Location Known: Can INTERPOL Continue to be Involved if the Requesting Government is Aware of the Accused’s Location and, Moreover, if the Accused Cooperates?

Location Known: Can INTERPOL Continue to be Involved if the Requesting Government is Aware of the Accused’s Location and, Moreover, if the Accused Cooperates?

During the past several years, the Commission for the Control of INTERPOL’s Files has published a number of its decisions regarding complaints against government use of INTERPOL’s resources.  Although these decisions are often published heavily redacted, they provide valuable insight into the Commission’s interpretation of some of the key provisions in the INTERPOL Constitution and the Rules on Data Processing.  In addition, with regard to some of the rules, the Commission has published its interpretation more than once, which demonstrates their consistent application by the Commission.  In this post, I reflect on one of the most common questions I get in my practice – can a Red Notice or a diffusion continue to circulate via INTERPOL’s channels if the requesting country is aware of the individual’s location?

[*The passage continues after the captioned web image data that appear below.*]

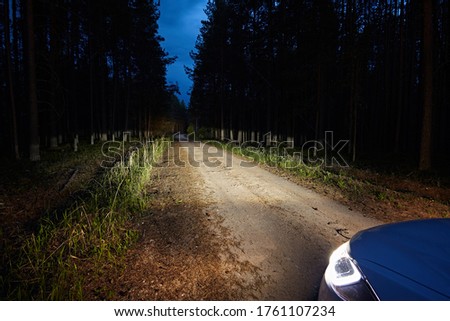 Similar – Image, Stock Photo Car riding along dirty road in evening forest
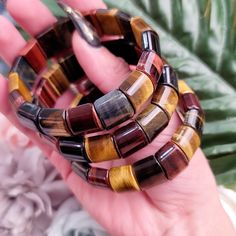 A beautiful Tiger Eye Stretchy Bangle Bracelet of your size selection. ~Red Tiger Eye Metaphysical Properties~ ♡ Chakra: Root ♡ Element: Earth ♡ Numerology: 4 ♡ Zodiac Sign: Capricorn, Leo, Sagittarius ♡ Brings focus and drive to accomplish goals ♡ Enhances intention setting & balances emotions ♡ Increases confidence, energy, passion, willpower & vitality ♡ Provides protection against negative energy ♡ Supports the blood and reproductive system Red Tiger Eye is the rare, red variety of Tiger Eye Multiple Bracelets, Bracelet Size Chart, Intention Setting, Body Energy, Endocrine System, Beads Pictures, Red Tigers Eye, Overcoming Fear, Line Patterns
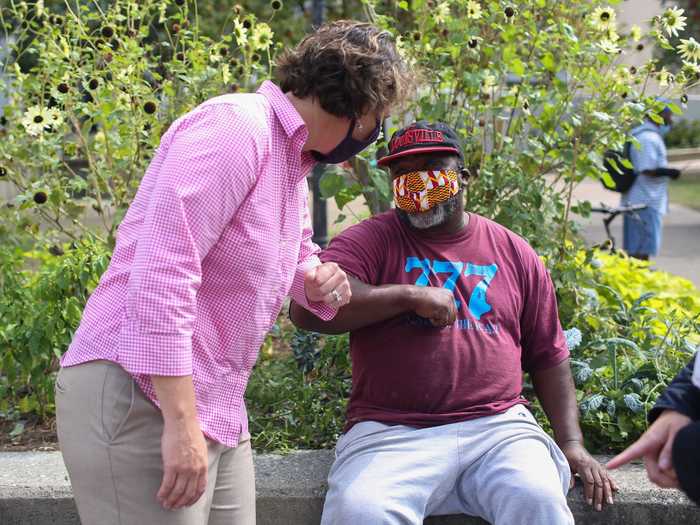 Democratic Senate candidate Amy McGrath greeted Louisville resident Michael Dorsey in Jefferson Square Park.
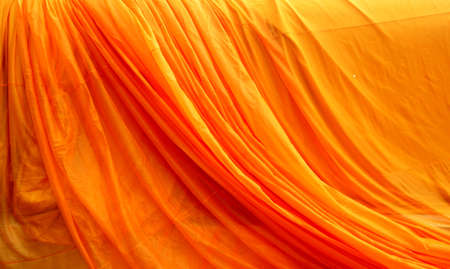 Gold silk fabric background - soft, elegant and delicate for the Buddha.の写真素材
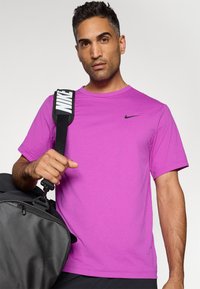 Lila rövid ujjú sportpóló, amelyen bal oldalon fekete Nike logó található, egy kéz tartja egy szürke táskaszíjat.
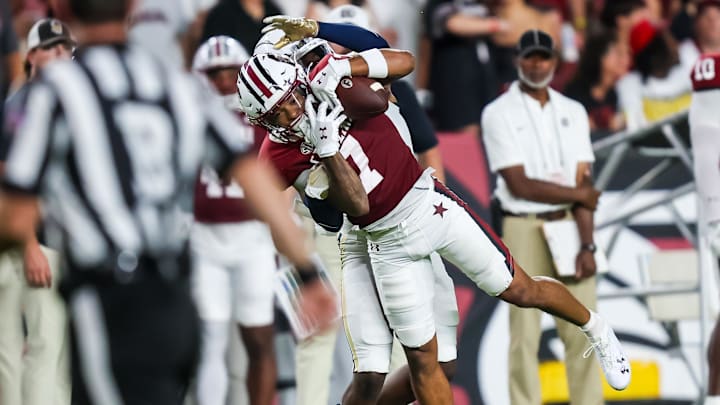 Sep 21, 2024; Columbia, South Carolina, USA;  South Carolina Gamecocks wide receiver Gage Larvadain (7) makes a reception over Akron Zips safety Rodrick Hunter (13) in the second quarter at Williams-Brice Stadium. Mandatory Credit: Jeff Blake-Imagn Images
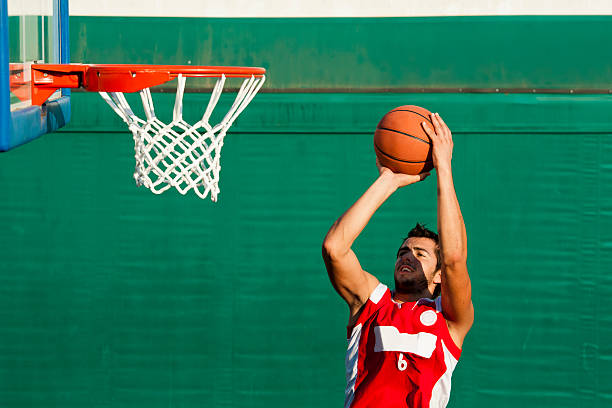 jump shot - high schooler foto e immagini stock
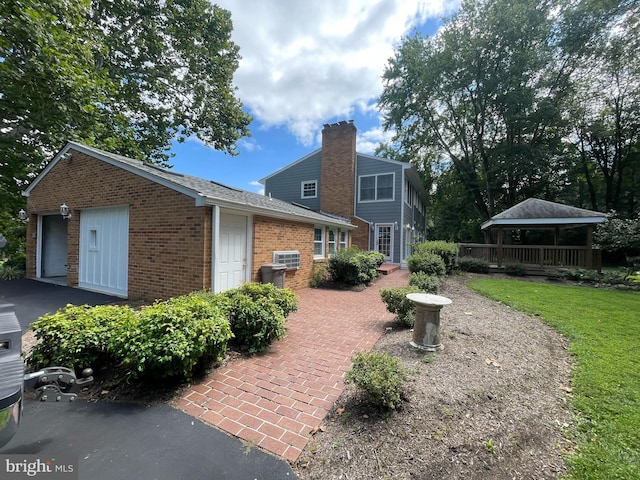 rear view of house featuring a gazebo and a lawn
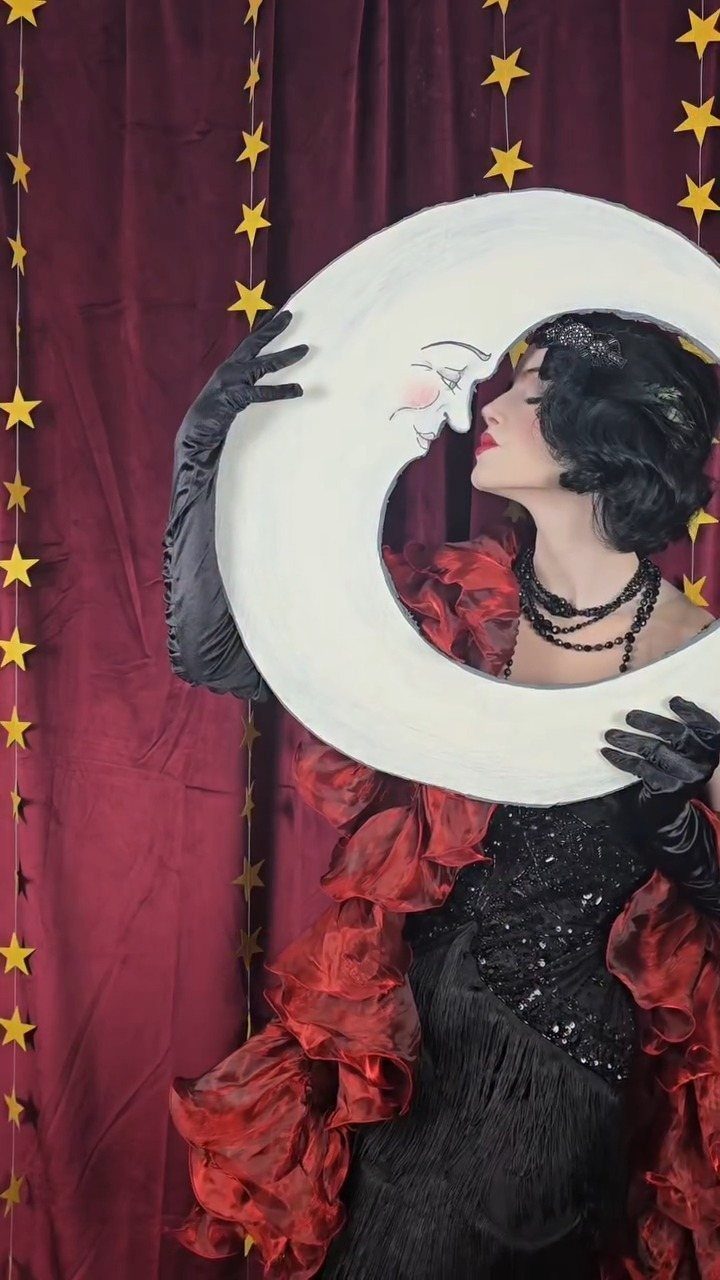 Woman in a black and red ruffled flapper costume posing behind a large crescent moon prop.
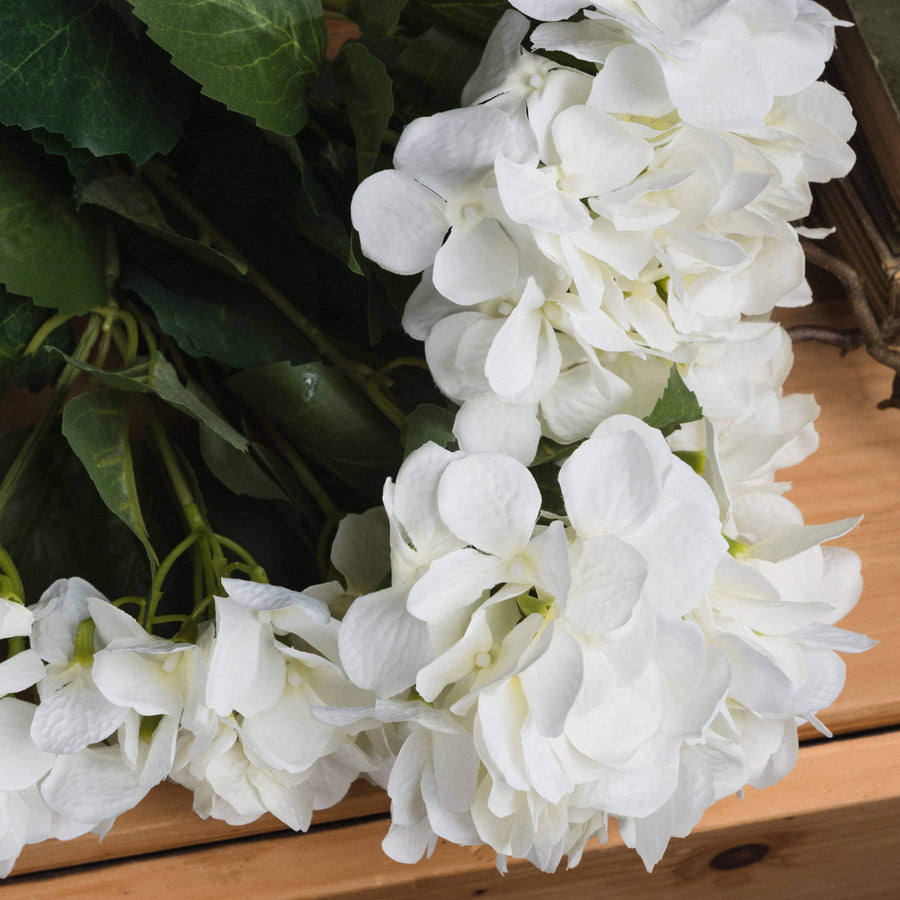 Lifelike creamy white hydrangea bouquet with realistic petals, perfect for elegant home decor or floral arrangements. by Sostter at brixbailey.com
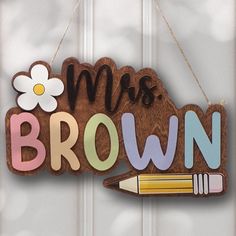 a wooden sign that says, miss brown with a pencil and flower on the front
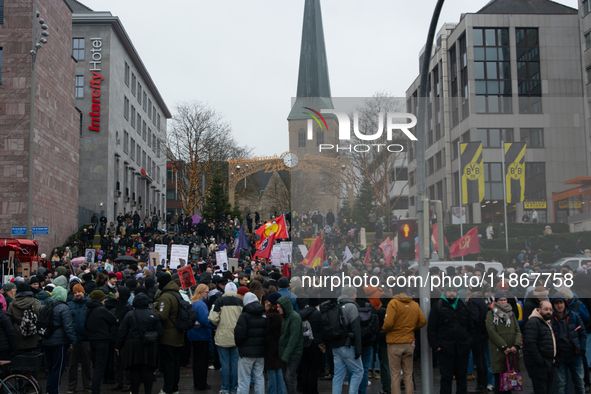 More than a thousand people take part in a demonstration against the latest court verdict over the police shooting that results in the death...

INTERPOL Headquarters, Lyon, France

The Commission has responded to this question in the affirmative, and it has done so in several of its published decisions.  The fact that the government knows the individual’s location, even if the individual was the first one to reveal it, does not by itself make the government’s request disseminated through INTERPOL unlawful. The Commission has explained that “[t]he purpose of a red notice is not only to locate a person, but also to request his/her provisional arrest in view of extradition. In this regard, the fact that the Applicant’s location . . . is known to . . . authorities does not undermine as such the lawfulness of the Red Notice.”  Therefore, the purpose of a Red Notice or a diffusion is twofold.  Establishing an individual’s location achieves only one of the goals, and as such, it does not make the Red Notice or diffusion irrelevant.  Following the Commission’s reasoning, it seems logical to conclude that if the accused not only reveals her/his location but also cooperates with the requesting government in its criminal investigation, such cooperation by itself does not invalidate a Red Notice or a diffusion either.  This seems important for accused and their attorneys to remember.